**Assignment**
Every record below, from first to last, should be copied exactly; leave the pictures out.

[Data for analysis]

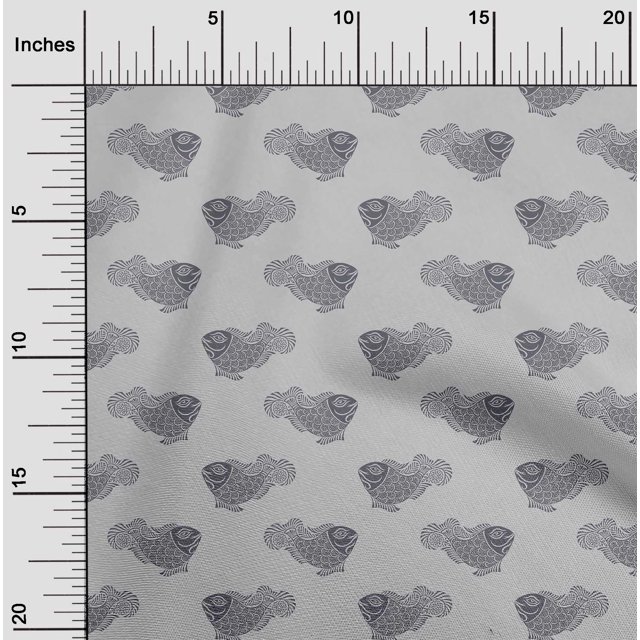 oneOone Cotton Silk Fabric Fish Block Printed Fabric 1 Yard 42 Inch Wide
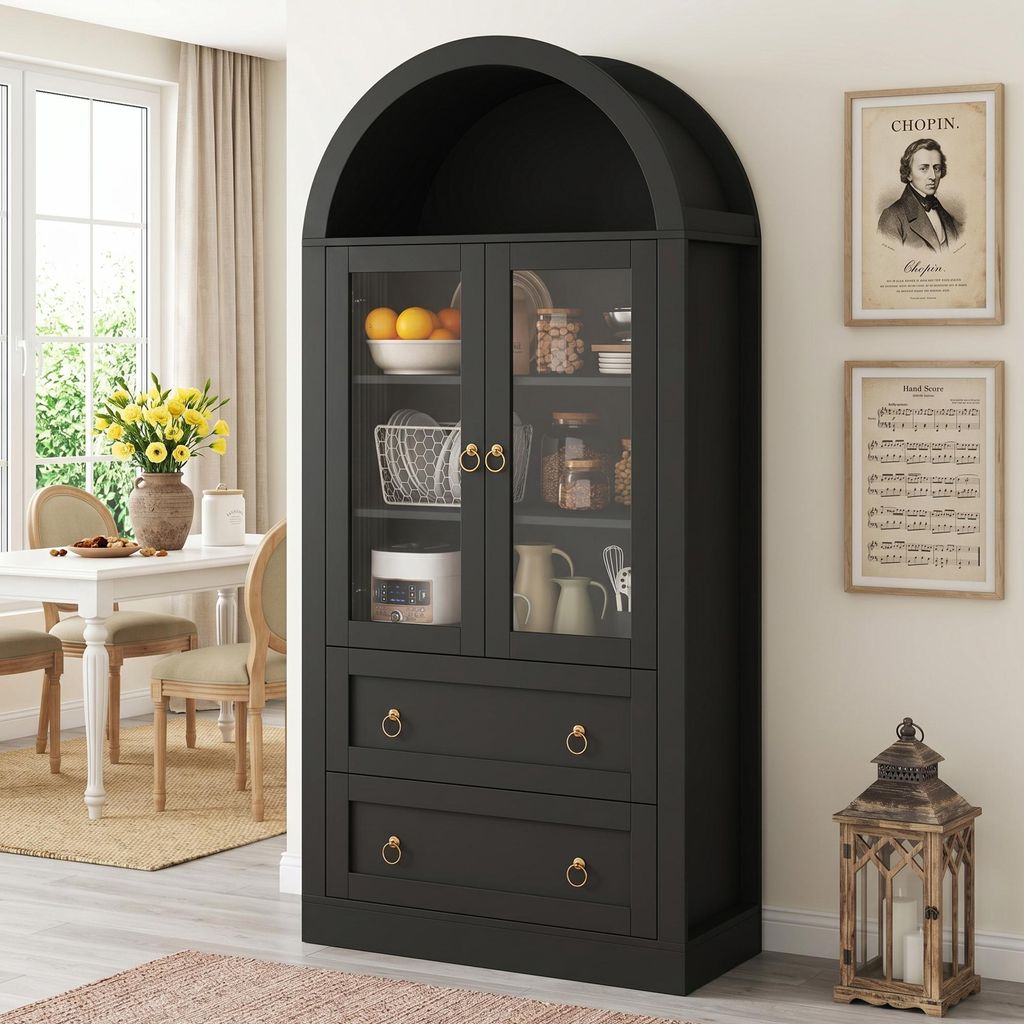 Armoire haute de 170 cm avec étagères, tiroirs et portes, Image du produit 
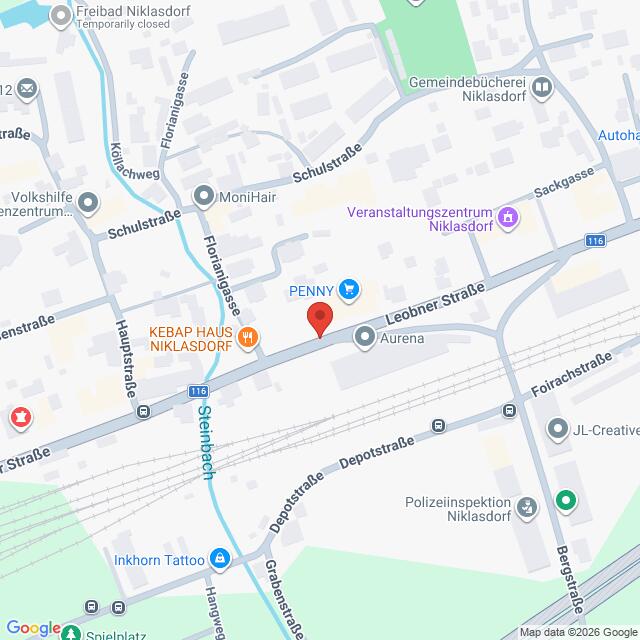 Lehrlingsportal.at Eine digitale Karte der Gegend um Niklasdorf, in deren Mittelpunkt ein rotes Stecknadel-Symbol steht, das den Standort eines Penny-Supermarkts markiert.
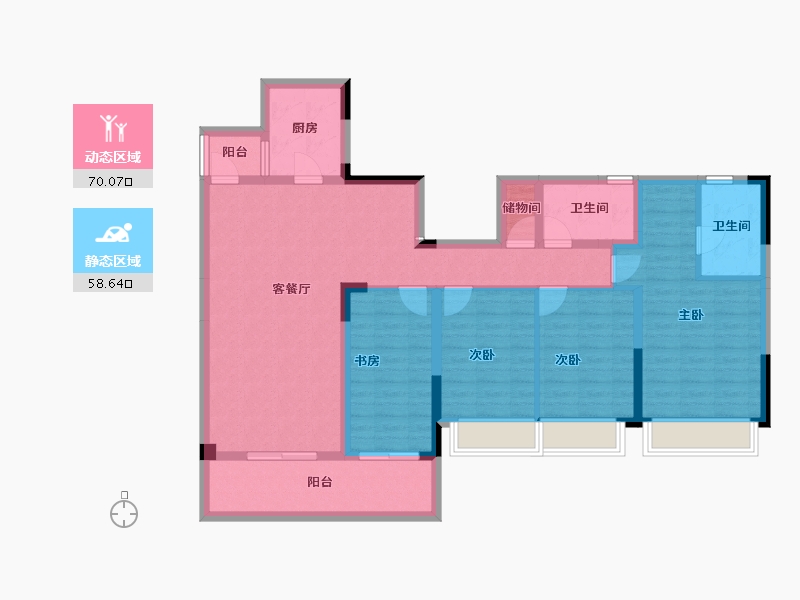 重庆-重庆市-合能渝玥府-114.74-户型库-动静分区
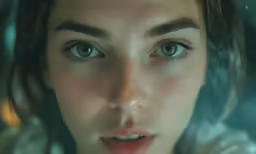 the young girl looks pensive in her blue eyes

[/Data for analysis]

**Exercise response**
 oneOone Cotton Silk Fabric Fish Block Printed Fabric 1 Yard 42 Inch Wide
 Armoire haute de 170 cm avec étagères, tiroirs et portes, Image du produit 
 Lehrlingsportal.at Eine digitale Karte der Gegend um Niklasdorf, in deren Mittelpunkt ein rotes Stecknadel-Symbol steht, das den Standort eines Penny-Supermarkts markiert.
 重庆-重庆市-合能渝玥府-114.74-户型库-动静分区
 the young girl looks pensive in her blue eyes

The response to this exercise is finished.